WELLINGTON, June 29 (Xinhua) -- New Zealand Minister of Health Jonathan Coleman launched a national strategy on Thursday which aims to lift the rate of deceased organ donations and therefore increase the number of people who can receive a transplant.
The Deceased Organ Donation and Transplantation National Strategy follow wide public consultation and work with the sector.
"Organ transplantation is a life-saving treatment that is often the best, or only, option for people with organ failure. It can not only improve a person's quality of life, but also their life expectancy," Coleman said in a release.
"For example, for someone with end stage kidney disease they either need a transplant or hundreds of hours of dialysis each year," he said, adding that a record number of organ transplants were carried out in 2016, with 61 deceased donors providing 181 organs to be transplanted.
"We've been making great strides in the area, with the rate increasing by 57 percent in the past four years, but our rates are relatively low compared with other countries which highlights that there's room for improvement," Coleman said.
The strategy's priorities include: to further increase public awareness of organ donation, make it easier for people to register, update and share their wish to donate with family and clinicians and increase the hospital-based capacity for deceased organ donation to take place.
It also stresses to empower intensive care staff to discuss the organ donation process, establish a national agency to lead the implementation of the strategy, and have a clear mandate to increase the rates of deceased organ donation and transplantation.

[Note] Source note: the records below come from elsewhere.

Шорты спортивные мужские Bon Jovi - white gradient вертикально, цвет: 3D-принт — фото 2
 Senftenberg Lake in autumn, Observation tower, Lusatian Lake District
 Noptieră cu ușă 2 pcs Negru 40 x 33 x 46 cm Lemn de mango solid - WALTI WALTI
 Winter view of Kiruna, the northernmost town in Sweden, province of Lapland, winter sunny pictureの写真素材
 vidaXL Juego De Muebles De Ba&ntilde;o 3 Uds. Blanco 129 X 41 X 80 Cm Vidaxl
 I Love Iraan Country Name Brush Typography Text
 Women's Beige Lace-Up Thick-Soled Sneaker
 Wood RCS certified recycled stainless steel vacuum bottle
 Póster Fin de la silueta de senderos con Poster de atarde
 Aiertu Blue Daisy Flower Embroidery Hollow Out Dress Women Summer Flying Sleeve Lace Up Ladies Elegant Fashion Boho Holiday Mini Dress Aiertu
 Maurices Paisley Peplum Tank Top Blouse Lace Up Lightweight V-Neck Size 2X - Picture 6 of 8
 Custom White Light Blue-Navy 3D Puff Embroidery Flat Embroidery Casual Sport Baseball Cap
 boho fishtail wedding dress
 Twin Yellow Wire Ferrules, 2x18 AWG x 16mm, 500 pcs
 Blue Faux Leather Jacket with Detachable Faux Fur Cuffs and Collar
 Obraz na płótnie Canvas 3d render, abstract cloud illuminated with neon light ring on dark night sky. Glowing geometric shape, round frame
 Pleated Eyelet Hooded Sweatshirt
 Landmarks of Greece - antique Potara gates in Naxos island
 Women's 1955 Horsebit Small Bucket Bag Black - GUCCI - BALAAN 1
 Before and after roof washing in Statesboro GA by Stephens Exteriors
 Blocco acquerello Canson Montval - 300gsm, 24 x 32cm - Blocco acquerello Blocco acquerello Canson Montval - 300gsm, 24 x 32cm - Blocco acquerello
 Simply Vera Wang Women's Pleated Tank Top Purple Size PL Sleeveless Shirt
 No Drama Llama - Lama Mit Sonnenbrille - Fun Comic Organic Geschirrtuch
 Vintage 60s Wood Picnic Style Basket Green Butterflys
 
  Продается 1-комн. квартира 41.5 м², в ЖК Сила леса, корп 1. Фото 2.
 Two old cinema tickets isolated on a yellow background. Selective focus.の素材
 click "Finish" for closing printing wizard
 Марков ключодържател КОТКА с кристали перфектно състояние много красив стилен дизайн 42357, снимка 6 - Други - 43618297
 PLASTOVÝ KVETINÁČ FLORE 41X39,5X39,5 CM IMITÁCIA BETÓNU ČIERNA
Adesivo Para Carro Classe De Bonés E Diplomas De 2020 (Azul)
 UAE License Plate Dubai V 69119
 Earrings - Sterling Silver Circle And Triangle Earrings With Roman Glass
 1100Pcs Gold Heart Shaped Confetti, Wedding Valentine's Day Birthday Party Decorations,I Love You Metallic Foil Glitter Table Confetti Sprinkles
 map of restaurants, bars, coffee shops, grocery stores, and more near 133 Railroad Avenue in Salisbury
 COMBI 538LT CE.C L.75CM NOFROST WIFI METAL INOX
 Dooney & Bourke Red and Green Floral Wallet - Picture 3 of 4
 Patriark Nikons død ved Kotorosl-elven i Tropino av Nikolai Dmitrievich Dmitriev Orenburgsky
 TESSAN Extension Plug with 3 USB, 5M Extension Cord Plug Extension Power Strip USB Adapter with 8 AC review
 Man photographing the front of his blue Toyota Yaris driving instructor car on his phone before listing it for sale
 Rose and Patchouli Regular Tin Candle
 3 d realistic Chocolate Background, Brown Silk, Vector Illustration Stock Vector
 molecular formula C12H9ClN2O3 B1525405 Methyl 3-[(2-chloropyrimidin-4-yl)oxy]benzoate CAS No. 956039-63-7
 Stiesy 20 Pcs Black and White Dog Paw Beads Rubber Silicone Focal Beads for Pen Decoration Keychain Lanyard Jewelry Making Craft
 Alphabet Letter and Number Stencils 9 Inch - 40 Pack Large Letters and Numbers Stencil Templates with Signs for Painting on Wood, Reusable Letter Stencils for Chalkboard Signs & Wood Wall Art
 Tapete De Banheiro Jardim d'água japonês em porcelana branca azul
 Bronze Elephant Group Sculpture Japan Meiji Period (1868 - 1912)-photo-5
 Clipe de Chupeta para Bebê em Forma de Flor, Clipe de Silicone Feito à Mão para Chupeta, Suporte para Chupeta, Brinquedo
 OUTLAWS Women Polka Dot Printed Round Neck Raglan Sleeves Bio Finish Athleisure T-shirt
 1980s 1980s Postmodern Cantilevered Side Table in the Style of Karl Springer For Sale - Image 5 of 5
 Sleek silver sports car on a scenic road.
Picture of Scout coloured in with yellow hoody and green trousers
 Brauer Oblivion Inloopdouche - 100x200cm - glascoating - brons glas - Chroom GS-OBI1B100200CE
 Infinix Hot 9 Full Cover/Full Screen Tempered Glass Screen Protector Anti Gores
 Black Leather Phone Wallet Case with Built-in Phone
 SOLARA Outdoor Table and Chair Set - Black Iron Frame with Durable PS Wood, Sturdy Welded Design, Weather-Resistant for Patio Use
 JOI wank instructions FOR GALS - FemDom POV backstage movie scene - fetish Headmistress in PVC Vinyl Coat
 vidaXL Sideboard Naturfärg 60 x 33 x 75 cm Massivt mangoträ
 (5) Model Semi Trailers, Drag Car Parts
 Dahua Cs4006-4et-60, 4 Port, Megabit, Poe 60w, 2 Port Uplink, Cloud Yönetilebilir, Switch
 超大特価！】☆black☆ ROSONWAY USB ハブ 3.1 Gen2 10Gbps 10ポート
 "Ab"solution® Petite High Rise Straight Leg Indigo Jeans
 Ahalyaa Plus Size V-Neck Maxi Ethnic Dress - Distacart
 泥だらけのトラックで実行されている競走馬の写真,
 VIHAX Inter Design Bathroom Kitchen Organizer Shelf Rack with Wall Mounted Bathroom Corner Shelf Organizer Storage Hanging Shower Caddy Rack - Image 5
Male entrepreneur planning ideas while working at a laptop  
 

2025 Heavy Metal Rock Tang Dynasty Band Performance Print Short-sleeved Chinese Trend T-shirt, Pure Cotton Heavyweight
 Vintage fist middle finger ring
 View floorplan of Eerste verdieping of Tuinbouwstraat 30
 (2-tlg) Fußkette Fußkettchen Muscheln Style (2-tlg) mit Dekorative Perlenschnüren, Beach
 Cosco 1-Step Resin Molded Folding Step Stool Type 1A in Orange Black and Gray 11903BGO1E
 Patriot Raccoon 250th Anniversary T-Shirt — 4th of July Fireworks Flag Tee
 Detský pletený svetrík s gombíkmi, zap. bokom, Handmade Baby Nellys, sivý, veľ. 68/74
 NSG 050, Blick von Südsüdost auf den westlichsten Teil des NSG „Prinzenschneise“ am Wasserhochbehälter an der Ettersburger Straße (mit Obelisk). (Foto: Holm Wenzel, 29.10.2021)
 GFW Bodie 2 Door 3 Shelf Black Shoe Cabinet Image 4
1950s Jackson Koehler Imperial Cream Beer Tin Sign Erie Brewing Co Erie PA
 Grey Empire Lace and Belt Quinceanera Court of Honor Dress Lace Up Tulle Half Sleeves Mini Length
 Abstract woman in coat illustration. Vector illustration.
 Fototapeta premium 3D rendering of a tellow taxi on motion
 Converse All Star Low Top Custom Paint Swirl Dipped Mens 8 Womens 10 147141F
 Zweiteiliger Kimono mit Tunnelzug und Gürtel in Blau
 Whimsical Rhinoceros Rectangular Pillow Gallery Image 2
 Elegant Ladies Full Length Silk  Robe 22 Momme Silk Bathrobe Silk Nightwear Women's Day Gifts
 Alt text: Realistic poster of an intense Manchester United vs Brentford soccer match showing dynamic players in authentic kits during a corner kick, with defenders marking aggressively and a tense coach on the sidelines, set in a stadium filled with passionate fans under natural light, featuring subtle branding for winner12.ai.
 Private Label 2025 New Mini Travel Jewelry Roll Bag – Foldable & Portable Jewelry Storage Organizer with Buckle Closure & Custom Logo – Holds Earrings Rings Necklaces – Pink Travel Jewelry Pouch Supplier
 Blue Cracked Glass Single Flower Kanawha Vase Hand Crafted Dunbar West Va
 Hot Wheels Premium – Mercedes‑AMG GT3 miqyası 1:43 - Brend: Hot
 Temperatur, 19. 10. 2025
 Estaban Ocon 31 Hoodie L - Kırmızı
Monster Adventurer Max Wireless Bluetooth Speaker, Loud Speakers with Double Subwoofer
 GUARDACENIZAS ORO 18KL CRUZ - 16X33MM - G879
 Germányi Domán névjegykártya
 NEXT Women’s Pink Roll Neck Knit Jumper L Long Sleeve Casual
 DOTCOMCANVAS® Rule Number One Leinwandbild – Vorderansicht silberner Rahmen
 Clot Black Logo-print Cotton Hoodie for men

"To support this, we're investing 500,000 NZ dollars (365,850 U.S. dollars) in 2017/2018 to increase specialist medical and nursing organ donation capability within some ICUs," said Coleman, adding that the strategy complements the government's recent initiative to increase transplants through increasing live organ donations.
Budget 2017 committed 700,000 NZ dollars (512,290 U.S. dollars) a year to help remove the financial deterrent to becoming a live organ donor. The Compensation for Live Organ Donors Act will come into force by December 5, 2017.
"It means people who donate a kidney or part of a liver will be eligible for 100 percent loss of earnings compensation for up to 12 weeks from surgery while they recover," Coleman said, adding that this will further help increase the donation rates and support the overall direction of the new strategy.